Opera anche una condizione tecnica della riproduzione sociale. La competenza degli imprenditori che sono premiati dal mercato è un’attività specifica all’impresa familiare. È acquisita con l’esperienza e consiste in una serie di abilità particolari sviluppate sia con l’educazione familiare sia con la pratica nell’impresa. D’altra parte la scelta delle tecniche è una prerogativa dell’imprenditore, che l’esercita per estrarre il plusvalore e accumulare il proprio capitale. L’esperienza storica insegna che i processi di meccanizzazione stimolati dall’accumulazione tendono a dequalificare il lavoro manuale e a impoverire le abilità dei lavoratori (Braverman, 1974; Marglin, 1974; 1991; Gordon, Edwards e Reich, 1982). I dipendenti sono privati di ogni abilità specifica all’impresa. In queste condizioni è socialmente efficiente assegnare il controllo produttivo agli imprenditori (Grossman e Hart, 1986; Hart e More, 1990). In altre parole, mentre la struttura di governo dell’accumulazione basata sul mercato tende ad attribuire il controllo agli imprenditori più efficienti, il regime di proprietà concentrata abilita questi ultimi a scegliere le tecniche che favoriscono e giustificano il loro controllo (Pagano, 1991a; 1991b; Pagano e Rowthorn, 1994).

La stabilità istituzionale del capitalismo classico è assicurata proprio da questa azione di rinforzo che il regime di proprietà concentrata e la struttura di governo basata sul mercato esercitano l’uno sull’altra. E tuttavia il processo d’accumulazione così sostenuto genera a lungo andare le condizioni del cambiamento istituzionale. La storia ha provato che il capitalismo classico è instabile nel lunghissimo periodo. Il suo collasso finale è stato causato da tre tendenze principali: la crescita della ricchezza personale, la crescita delle dimensioni delle imprese e la crescita del movimento operaio.

Le grandi fortune accumulate in uno sviluppo secolare inducono i capitalisti a diversificare il rischio. Da una parte le imprese familiari o personali tendono a trasformarsi in società per azioni. D’altra i capitalisti individuali tendono a investire la ricchezza finanziaria in molte imprese. Così si forma una classe di capitalisti finanziari che specializzano le proprie competenze nella gestione di portafoglio.

La crescita delle imprese, che si verifica attraverso intensi processi di concentrazione e centralizzazione (Marx, 1964, I), porta all’espansione delle gerarchie interne.
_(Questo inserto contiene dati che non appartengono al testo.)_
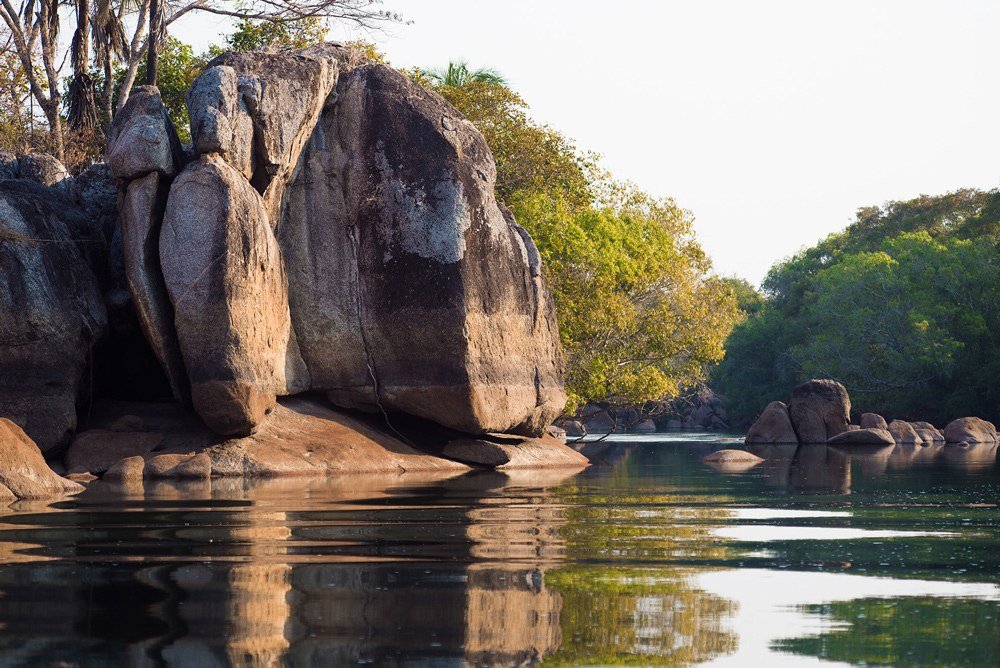 Granite boulders rise from the Kafue River near KaingU Safari Lodge.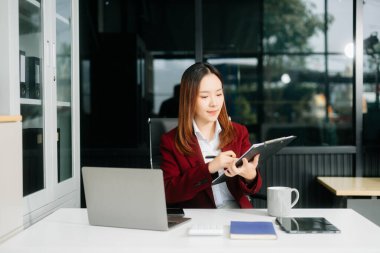 Çalışan not defteri, tablet ve dizüstü bilgisayarla çalışan Asyalı iş kadını 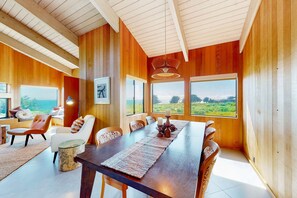 A dining area with a long table, chairs, and a view of the outdoors. - Oceanfront home near Shell Beach & Bluff Trail with deck & ocean views (Sea Ranch)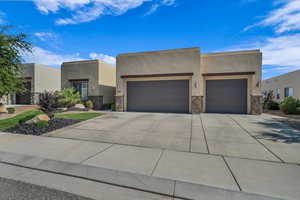 Southwest-style home featuring an attached garage, driveway, stucco siding, and stone siding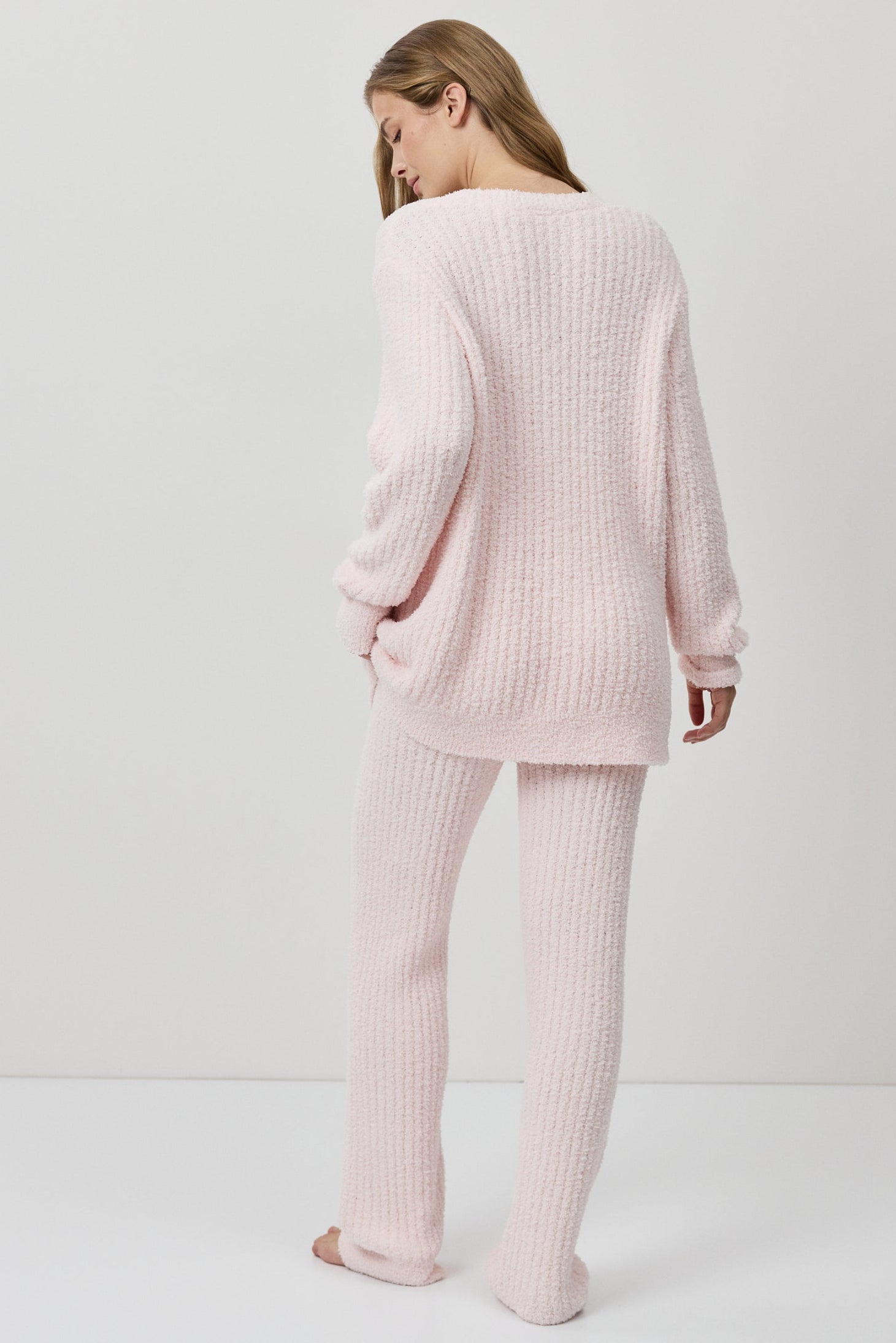 A woman wearing a light pink ribbed knit lounge set.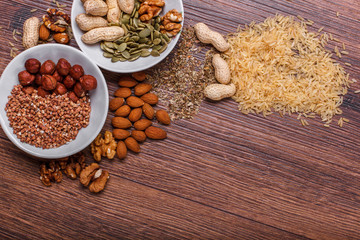 Assorted nuts in white bowl, plate on wooden surface. Top view with copy space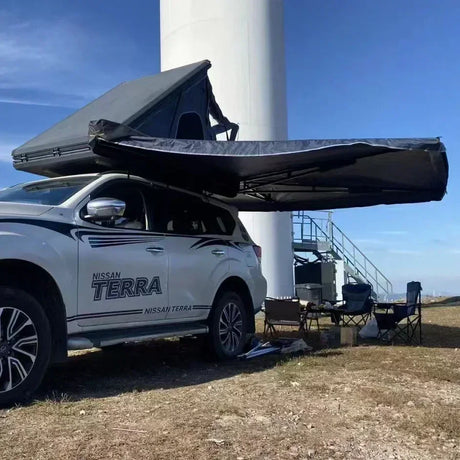 Awning half deployed beside a rooftop tent on a white four-wheel drive
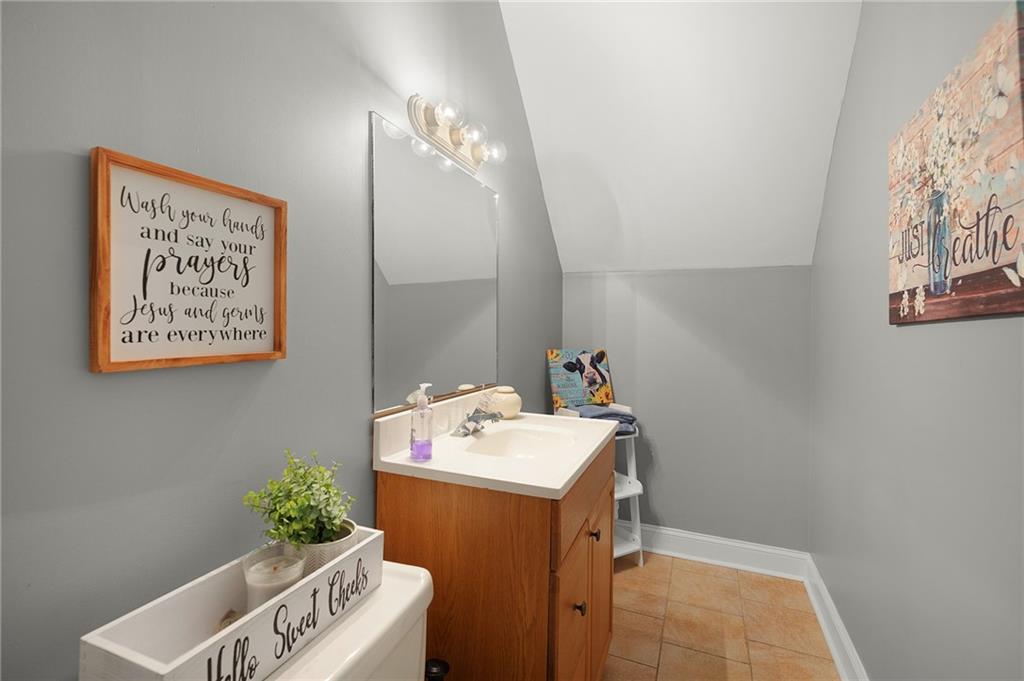 425 McDaniel Station Road Southwest Calhoun, GA 30701 - Photo 30 of 46 a bathroom with a sink mirror and vanity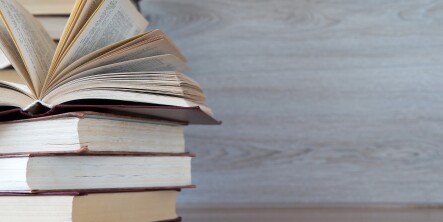 Stack of books on the left of a table with a wooden background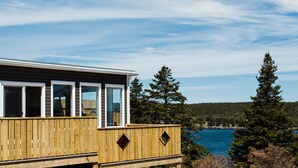 A wooden deck with a view of the ocean and trees. - Whale House Guest House (Mobile)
L’educazione familiare non è più sufficiente per addestrare gli imprenditori. Inoltre il vecchio meccanismo di selezione è esposte alle tare ereditarie e alle dispute familiari (Barca, 1994b). Le abilità imprenditoriali diventano sempre più specifiche con lo sviluppo delle imprese e la formazione delle capability aziendali, e diventano acquisibili solo attraverso una lunga esperienza di carriera nelle gerarchie interne. Ciò porta alla formazione di una classe di manager che si specializzano nella gestione delle organizzazioni, dell’attività produttiva e delle decisioni d’investimento reale. Così accade che quella della società per azioni risulta esser la forma più efficiente di struttura proprietaria nelle grandi imprese. È la più efficace nel garantire la formazione delle abilità manageriali, in quanto consente ai manager di crescere senza dover sottostare all’arbitrarietà di un proprietario. Ma è la più efficace anche nell’assicurare lo svolgimento delle funzioni selettiva e disciplinare, come si mostrerà nel prossimo paragrafo.